You are viewing a plain text version of this content. The canonical link for it is here.
Posted to user@storm.apache.org by Hasan Riaz <ha...@gmail.com> on 2015/04/22 02:50:30 UTC

New to apache storm

Hello to all,
I am new to apache storm and have been working with it for the last month
or so. We are trying to design a topology wherein:
- A json message is broken up into multiple parts
- each of these parts is processed in a parallel manner
- the results are aggregated via a Grouping Bolt

This topology needs to work in a synchronous and a asynchronous manner,
meaning that the message can be expected synchronously via a DRPC request
or via a message queue(kafka)

I have the following question:
- Is there a way to achieve the above via a single topology or would I need
to have separate topologies?
- Since DRPC is deprecated is it safe to assume that the best way to code
is through the trident abstraction?
- Using storm primitives is there a way to process a message exactly once?

Lastly, in order to monitor whether a topology is running, I have a script
which invokes the rest api as documented by the link
<https://github.com/apache/storm/blob/master/STORM-UI-REST-API.md>, reads
the response of the topology summary and then based on whether the topology
is present or not, starts or stops the topology on a given server. Is this
way prudent? I am using monit to invoke the script.

Thanks in advance for your help

Re: New to apache storm

Posted by "Grant Overby (groverby)" <gr...@cisco.com>.
I haven’t used DRPC, so I can’t speak to it. That said, Kafka is pretty awesome and can do some really jaw dropping performance. If I were you, I’d consider standardizing around Kafka. If that isn’t viable, storm topologies are directional acyclic graphs, so you can merge two streams into a single stream — the illustration on wikipedia is pretty nice http://en.wikipedia.org/wiki/Directed_acyclic_graph.

Generally speaking, synchronous anything in distributed computing is expensive and, imho, to be avoided if possible.

I’m a big fan of trident. I’d use it first unless there is a need for the lower level spout&bolt api.

Trident can be used to guarantee exactly once processing, but keep in mind this has some external requirements. If you’re writing to a database, for example, the writes still need idempotency. Trident helps with this by providing batch ids, which is more performant than natural keys on an individual tuple, but still can be a pain with things such as columnar stores.



[http://www.cisco.com/web/europe/images/email/signature/est2014/logo_06.png?ct=1398192119726]

Grant Overby
Software Engineer
Cisco.com<http://www.cisco.com/>
groverby@cisco.com<ma...@cisco.com>
Mobile: 865 724 4910






[http://www.cisco.com/assets/swa/img/thinkbeforeyouprint.gif] Think before you print.

This email may contain confidential and privileged material for the sole use of the intended recipient. Any review, use, distribution or disclosure by others is strictly prohibited.

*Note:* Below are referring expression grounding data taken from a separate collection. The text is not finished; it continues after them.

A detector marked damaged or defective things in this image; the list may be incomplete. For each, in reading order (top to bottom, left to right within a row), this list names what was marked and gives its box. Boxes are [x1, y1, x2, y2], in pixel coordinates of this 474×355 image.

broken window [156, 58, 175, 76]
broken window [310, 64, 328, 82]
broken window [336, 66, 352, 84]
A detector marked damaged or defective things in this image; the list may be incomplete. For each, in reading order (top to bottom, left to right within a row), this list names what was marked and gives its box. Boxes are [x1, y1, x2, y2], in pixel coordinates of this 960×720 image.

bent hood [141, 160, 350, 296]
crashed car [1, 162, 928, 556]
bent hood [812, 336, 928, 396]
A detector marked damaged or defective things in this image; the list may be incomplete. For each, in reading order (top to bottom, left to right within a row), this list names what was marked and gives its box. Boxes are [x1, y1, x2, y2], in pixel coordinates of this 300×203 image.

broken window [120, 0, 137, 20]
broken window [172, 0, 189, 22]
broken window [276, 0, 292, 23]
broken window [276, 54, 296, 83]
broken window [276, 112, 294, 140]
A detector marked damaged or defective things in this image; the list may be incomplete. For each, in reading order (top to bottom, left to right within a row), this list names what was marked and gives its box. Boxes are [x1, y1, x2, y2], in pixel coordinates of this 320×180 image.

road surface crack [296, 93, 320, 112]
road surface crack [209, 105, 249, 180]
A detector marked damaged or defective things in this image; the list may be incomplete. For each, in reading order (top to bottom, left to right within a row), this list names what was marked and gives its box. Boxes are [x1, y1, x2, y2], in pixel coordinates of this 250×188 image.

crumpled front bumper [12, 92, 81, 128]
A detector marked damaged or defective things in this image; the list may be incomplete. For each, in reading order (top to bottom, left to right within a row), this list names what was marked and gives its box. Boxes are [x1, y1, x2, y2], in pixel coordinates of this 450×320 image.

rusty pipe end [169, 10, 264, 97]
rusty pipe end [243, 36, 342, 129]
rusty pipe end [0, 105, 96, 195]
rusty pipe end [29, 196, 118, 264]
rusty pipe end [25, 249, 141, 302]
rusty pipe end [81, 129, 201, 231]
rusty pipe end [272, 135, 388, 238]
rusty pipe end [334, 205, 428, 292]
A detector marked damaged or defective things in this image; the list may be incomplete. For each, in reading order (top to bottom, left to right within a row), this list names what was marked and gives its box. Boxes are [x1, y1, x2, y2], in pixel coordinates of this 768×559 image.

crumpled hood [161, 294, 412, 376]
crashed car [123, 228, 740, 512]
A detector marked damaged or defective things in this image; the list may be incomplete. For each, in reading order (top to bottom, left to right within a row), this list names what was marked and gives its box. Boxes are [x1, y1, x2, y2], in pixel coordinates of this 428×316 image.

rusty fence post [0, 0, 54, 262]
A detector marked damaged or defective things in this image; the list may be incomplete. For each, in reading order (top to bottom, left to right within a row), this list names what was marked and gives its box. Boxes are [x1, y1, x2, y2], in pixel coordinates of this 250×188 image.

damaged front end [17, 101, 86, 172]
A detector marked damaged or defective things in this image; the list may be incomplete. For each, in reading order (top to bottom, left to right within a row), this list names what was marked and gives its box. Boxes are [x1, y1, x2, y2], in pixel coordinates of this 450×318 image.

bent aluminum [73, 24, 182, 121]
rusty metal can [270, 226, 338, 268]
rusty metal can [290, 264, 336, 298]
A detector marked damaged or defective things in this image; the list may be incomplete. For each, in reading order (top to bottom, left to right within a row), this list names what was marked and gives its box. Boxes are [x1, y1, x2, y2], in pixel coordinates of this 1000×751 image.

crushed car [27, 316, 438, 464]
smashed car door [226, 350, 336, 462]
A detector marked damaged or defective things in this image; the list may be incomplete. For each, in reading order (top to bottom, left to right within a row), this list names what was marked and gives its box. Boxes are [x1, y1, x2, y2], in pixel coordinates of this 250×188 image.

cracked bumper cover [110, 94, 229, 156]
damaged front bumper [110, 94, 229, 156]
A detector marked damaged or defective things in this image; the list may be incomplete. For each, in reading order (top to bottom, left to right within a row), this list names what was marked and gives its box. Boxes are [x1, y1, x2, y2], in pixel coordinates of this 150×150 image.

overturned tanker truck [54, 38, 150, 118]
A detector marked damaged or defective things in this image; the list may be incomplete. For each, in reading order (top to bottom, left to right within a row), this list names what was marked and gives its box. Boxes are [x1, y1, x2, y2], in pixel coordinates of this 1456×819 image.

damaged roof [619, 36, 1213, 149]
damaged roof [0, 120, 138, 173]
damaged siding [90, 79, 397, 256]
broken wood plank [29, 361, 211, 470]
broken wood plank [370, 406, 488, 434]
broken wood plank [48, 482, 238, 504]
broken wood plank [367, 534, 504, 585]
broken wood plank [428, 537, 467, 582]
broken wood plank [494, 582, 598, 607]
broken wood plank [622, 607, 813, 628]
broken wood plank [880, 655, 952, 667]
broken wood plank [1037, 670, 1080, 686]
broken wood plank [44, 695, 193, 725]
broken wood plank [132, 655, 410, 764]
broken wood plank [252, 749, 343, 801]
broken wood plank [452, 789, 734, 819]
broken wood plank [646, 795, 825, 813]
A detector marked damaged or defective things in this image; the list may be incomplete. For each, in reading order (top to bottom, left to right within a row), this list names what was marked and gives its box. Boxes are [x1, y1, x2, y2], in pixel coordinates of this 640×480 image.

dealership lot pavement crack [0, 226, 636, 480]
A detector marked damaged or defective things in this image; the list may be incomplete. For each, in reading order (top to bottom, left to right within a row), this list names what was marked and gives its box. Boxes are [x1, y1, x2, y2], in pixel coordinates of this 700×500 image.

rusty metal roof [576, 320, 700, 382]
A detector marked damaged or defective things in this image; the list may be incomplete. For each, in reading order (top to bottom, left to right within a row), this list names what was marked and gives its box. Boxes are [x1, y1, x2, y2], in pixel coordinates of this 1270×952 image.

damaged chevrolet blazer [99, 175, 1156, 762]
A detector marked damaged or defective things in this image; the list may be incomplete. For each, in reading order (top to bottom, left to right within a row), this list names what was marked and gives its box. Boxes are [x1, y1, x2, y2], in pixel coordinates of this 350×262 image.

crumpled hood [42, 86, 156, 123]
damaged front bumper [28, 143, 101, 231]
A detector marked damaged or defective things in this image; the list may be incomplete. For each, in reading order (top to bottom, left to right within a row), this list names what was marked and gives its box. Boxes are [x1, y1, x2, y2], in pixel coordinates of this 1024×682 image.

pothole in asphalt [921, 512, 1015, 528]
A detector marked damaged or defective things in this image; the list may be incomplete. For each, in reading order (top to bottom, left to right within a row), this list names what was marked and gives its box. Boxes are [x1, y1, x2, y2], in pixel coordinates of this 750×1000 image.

If you are not the intended recipient (or authorized to receive for the recipient), please contact the sender by reply email and delete all copies of this message.

Please click here<http://www.cisco.com/web/about/doing_business/legal/cri/index.html> for Company Registration Information.





From: Hasan Riaz <ha...@gmail.com>>
Reply-To: "user@storm.apache.org<ma...@storm.apache.org>" <us...@storm.apache.org>>
Date: Thursday, April 23, 2015 at 9:42 PM
To: "user@storm.apache.org<ma...@storm.apache.org>" <us...@storm.apache.org>>
Subject: Re: New to apache storm

Hello,
just wanted to inquire if anyone can answer my questions.
Thanks

On Tue, Apr 21, 2015 at 7:50 PM, Hasan Riaz <ha...@gmail.com>> wrote:
Hello to all,
I am new to apache storm and have been working with it for the last month or so. We are trying to design a topology wherein:
- A json message is broken up into multiple parts
- each of these parts is processed in a parallel manner
- the results are aggregated via a Grouping Bolt

This topology needs to work in a synchronous and a asynchronous manner, meaning that the message can be expected synchronously via a DRPC request or via a message queue(kafka)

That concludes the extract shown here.